1. Record lock: Record lock is a lock on index records. FOR example, SELECT c1 FROM t WHERE c1 = 10 FOR UPDATE; Can prevent any other transaction from inserting, updating or deleting rows where the value of T.c. 1 is 10.

2. Gap lock: A gap lock is a lock on the gap between index records, or the gap before the first or last index record. FOR example, SELECT c1 FROM t WHERE c1 BETWEEN 10 and 20 FOR UPDATE; Prevents other transactions from inserting value 15 into t.c1 in a column, whether or not such a value is already in the column, because the gap between all existing values in the range is locked.

3. Next key lock: Next key lock is a combination of record lock on index record and gap lock on gap before index record. InnoDB performs row-level locking to enable it to set shared or exclusive locks on index records encountered when searching or scanning table indexes. Therefore, row-level locks are actually indexed record locks. A next key lock on an index record also affects the “gap” that precedes that index record. That is, the next key lock is the index record lock plus the gap lock on the gap before the index record. If one session R has a shared or exclusive lock on a record in the index, the other session cannot insert a new index record in the gap before the index order.

4. INSERT intent lock: INSERT intent lock is a gap lock set by an INSERT row operation prior to insertion. This lock signals insert intent that there is no need to wait for multiple transactions to be inserted into the same index gap if multiple transactions are not inserted at the same place in the gap. Suppose there is an index record with values of 4 and 7. Individual transactions attempt to insert values 5 and 6, respectively, and each uses the insert intent lock to lock the gap between 4 and 7 until an exclusive lock is obtained for the inserted row, but do not block each other because the rows are conflict-free.

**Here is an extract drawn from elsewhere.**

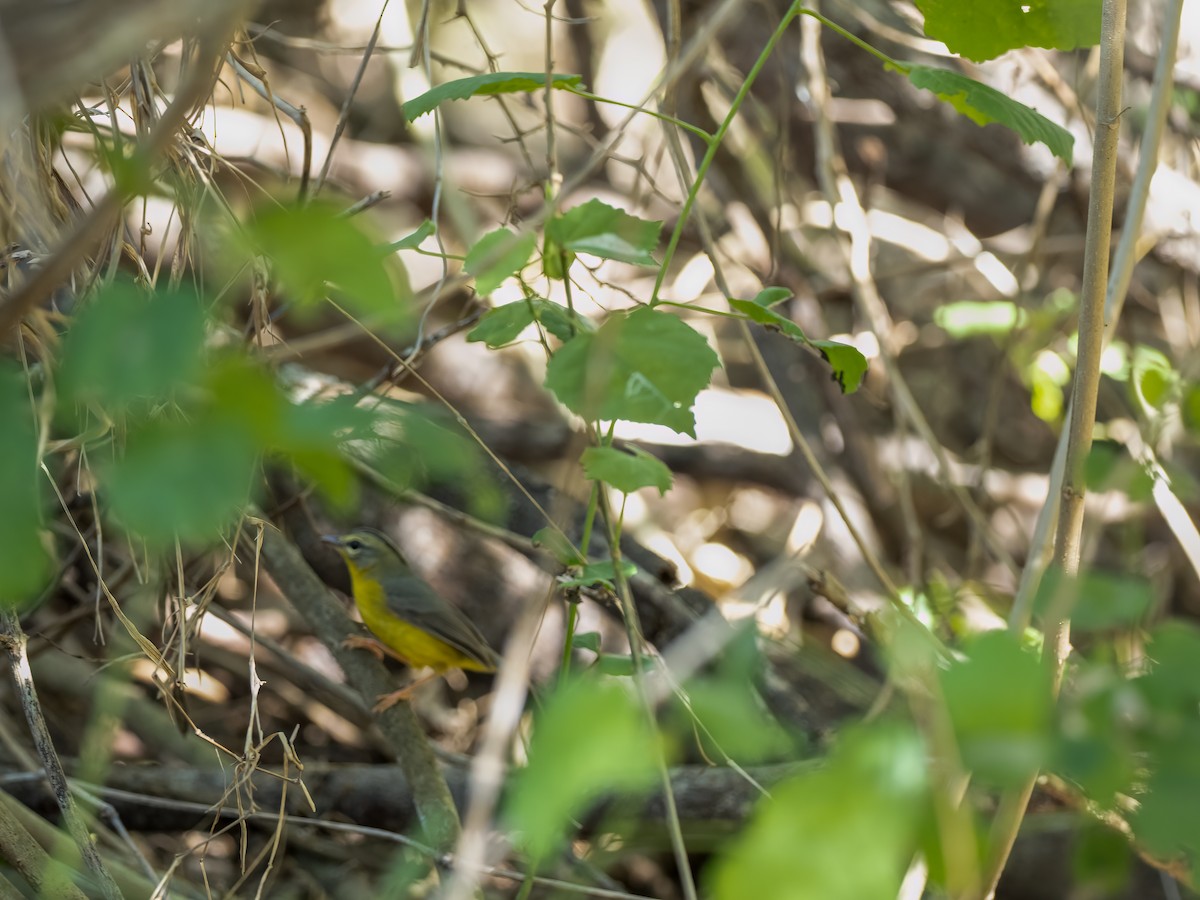 Golden-crowned Warbler - Lee Wallace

5, automatic lock: an auto-inc lock is a special table level lock that will be acquired with the table AUTO_INCREMENT column. In the simplest case, if one transaction is inserting a value into the table, any other transaction must wait for its own insertion into the table so that the row inserted by the first transaction receives consecutive primary key values. The Innodb_autoINC_lock_mode configuration option controls the algorithm used to automatically increase locking. It allows you to choose how to trade off a predictable sequence of automatic incremental values against the maximum concurrency of an insert operation.

Details are available on the mysql website, which can be viewed here.

Transaction-related issues


What is a transaction

Transactions, consisting of a limited sequence of database operations that are either all or none executed, are an indivisible unit of work.

Such as: Zhang SAN want to transfer 100 dollars to the bill, you will need to deduct 100 from zhang SAN's wallet, then add 100 to li si's wallet, in the process, if there is no abnormal zhang SAN buckles money, abnormal when Li Sijia money, then a rollback operation, return the buckle the money to zhang, if zhang SAN Li Sijia money and money were all without exception, so executed successfully, And the one responsible for monitoring these behaviors is the transaction!Copy the code

Characteristics of transactions

The properties of transactions are ACID

Atomicity: The transaction is executed as a whole, and all or none of the operations on the database contained within it are executed.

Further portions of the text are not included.